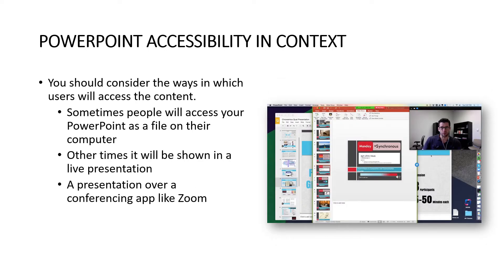Let's talk about PowerPoint accessibility in context — meaning what situation. You should consider the ways in which users will access the content. Some people will access your PowerPoint as a file on their computer; others will view it in a live presentation like a classroom; and there's also presentation over a conferencing app like Zoom, which has become very common during the pandemic.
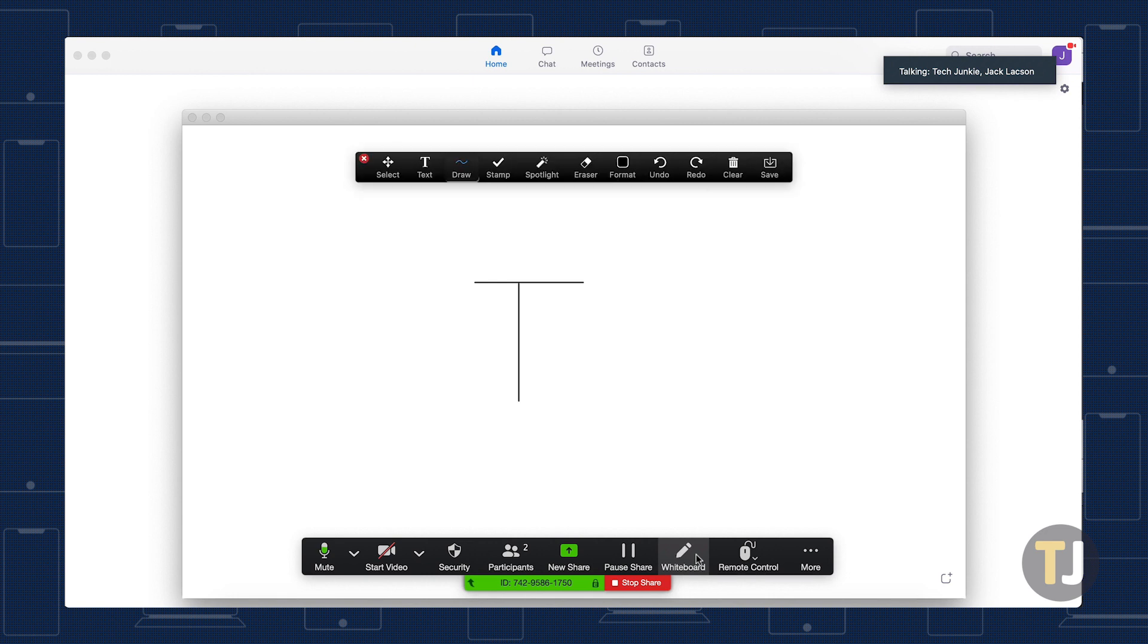As long as simultaneous screen sharing is enabled in your meeting, multiple participants in a Zoom call can share a whiteboard at once.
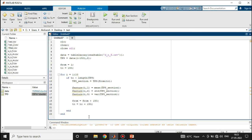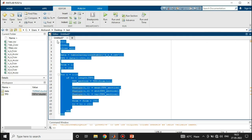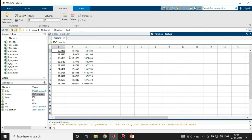Let's run the program. These are the features extracted from the 1500 samples of TP9. The first row shows the mean, standard deviation, and variance of the first 150 samples. The second row shows the mean, standard deviation, and variance of the next 150 samples, and so on. I hope it made sense.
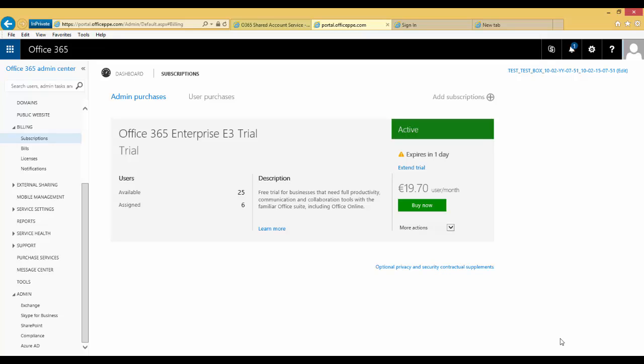We do not have bulk copy capabilities for partner of record at this time, so each subscription will have to be assigned once at a minimum. You can change your partner of record at any time, especially when you get new partners helping you with new solutions.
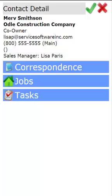Hello everyone. This video is going to show you how to add correspondence into a contact, a company contact on the Intuitive Mobile.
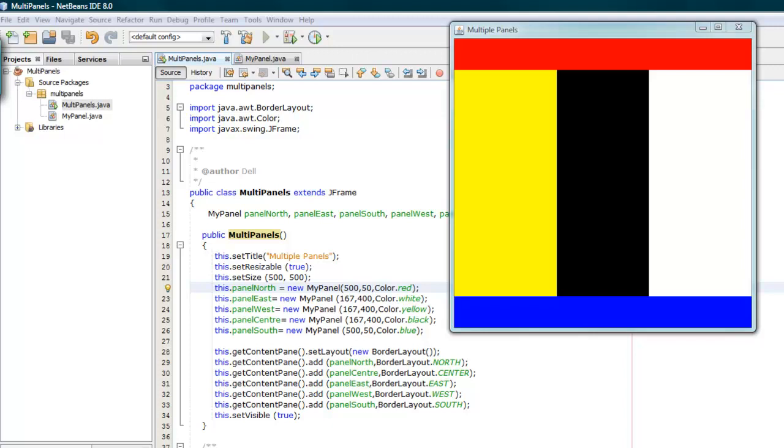If you change the setting here, 500 to say 1000 and 1000 for the height, then you go doubling more or less doubling here so they work out okay.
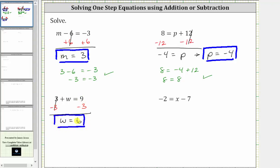Let's go ahead and check this by substituting six for w back into the original equation. Performing the substitution, we have three plus six equals nine. Three plus six is nine — nine equals nine is true, verifying the solution is correct.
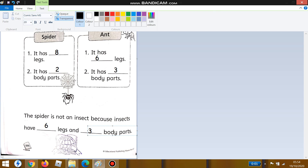Let's read together: 'The spider is not an insect because insects have six legs and three body parts.' So the spider is not an insect because it has eight legs and two body parts, while insects have six legs and three body parts. Thank you so much for joining — thank you, bye-bye students!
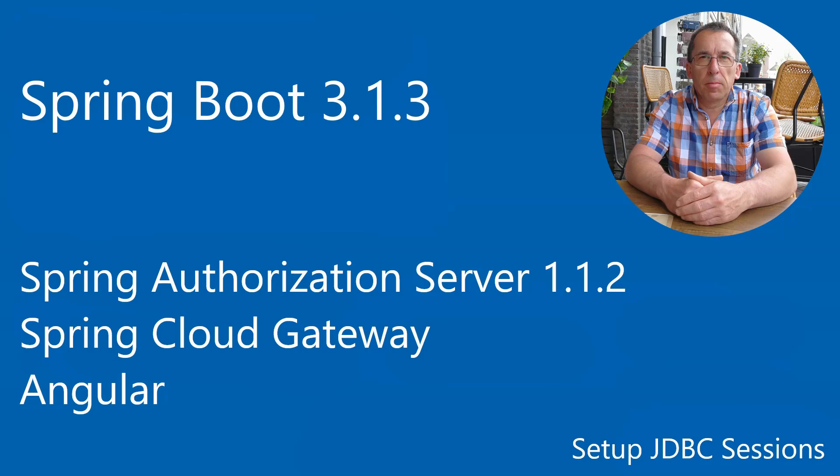Welcome to this new video. Today we are going to store the sessions in our database. In this way we want to further extend the Spring Authorization Server and make it ready to use in production.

::::::::

* ACTIVITY: Where pictures appear, skip them and transcribe all other material word for word.

* ANSWER AREA:
Let's talk about PowerPoint accessibility in context — meaning what situation. You should consider the ways in which users will access the content. Some people will access your PowerPoint as a file on their computer; others will view it in a live presentation like a classroom; and there's also presentation over a conferencing app like Zoom, which has become very common during the pandemic.
As long as simultaneous screen sharing is enabled in your meeting, multiple participants in a Zoom call can share a whiteboard at once.
Let's run the program. These are the features extracted from the 1500 samples of TP9. The first row shows the mean, standard deviation, and variance of the first 150 samples. The second row shows the mean, standard deviation, and variance of the next 150 samples, and so on. I hope it made sense.
We do not have bulk copy capabilities for partner of record at this time, so each subscription will have to be assigned once at a minimum. You can change your partner of record at any time, especially when you get new partners helping you with new solutions.
Hello everyone. This video is going to show you how to add correspondence into a contact, a company contact on the Intuitive Mobile.
If you change the setting here, 500 to say 1000 and 1000 for the height, then you go doubling more or less doubling here so they work out okay.
Let's go ahead and check this by substituting six for w back into the original equation. Performing the substitution, we have three plus six equals nine. Three plus six is nine — nine equals nine is true, verifying the solution is correct.
Let's read together: 'The spider is not an insect because insects have six legs and three body parts.' So the spider is not an insect because it has eight legs and two body parts, while insects have six legs and three body parts. Thank you so much for joining — thank you, bye-bye students!
Welcome to this new video. Today we are going to store the sessions in our database. In this way we want to further extend the Spring Authorization Server and make it ready to use in production.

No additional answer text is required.